Indirect decompression of the spinal canal or foramen via a laterally placed interbody device (bone, metal or PEEK) has eliminated radicular and claudicatory symptoms secondary to foraminal stenosis, central stenosis and spondylolisthesis in the authors experience. When reporting on their early experience with BAK application, Kuslich4 suggested that the one-year fusion rate for two-level procedures approached 78% versus greater than 90% for single level procedures. Prior use of allograft and autogenous bone has been replaced by rh-bmp 2 within the interbody device. Preliminary radiographs illustrate early incorporation of interbody devices with adjunctive rh-bmp. This experience has mimicked the results of other investigators utilizing rh-bmp as an adjunct to anterior lumbar spinal fusion (16,17). However, due to the preliminary follow-up, the data reported here is not intended to comment upon the ultimate fusion rate. These results are reported to demonstrate a useful adjunct of anterior column stabilization via a less destructive, less morbid approach.

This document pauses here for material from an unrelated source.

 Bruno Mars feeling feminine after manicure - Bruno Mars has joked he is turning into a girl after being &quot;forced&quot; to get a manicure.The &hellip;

The results of this experience are encouraging. Material presented illustrates an evolution in surgical technique from invasive "saber" type approaches to minimally invasive tube assisted direct lateral procedures. Causes of painful segmental degeneration of the lumbar spine are many. Therefore, the patient mix treated in this series speaks to the versatility of this procedure. However, technique modifications have produced a clear reduction in patient morbidity as demonstrated by estimated blood loss, operative time and hospital stay. Adverse events in the early postoperative period have not been an issue. Long-term follow-up will establish fusion rates. This initial experience with direct lateral transpsoas lumbar interbody fusion warrants additional use and investigation. Direct lateral transpsoas lumbar interbody fusion may prove to be an important improvement to our methods of handling degenerative conditions affecting the lumbar disc.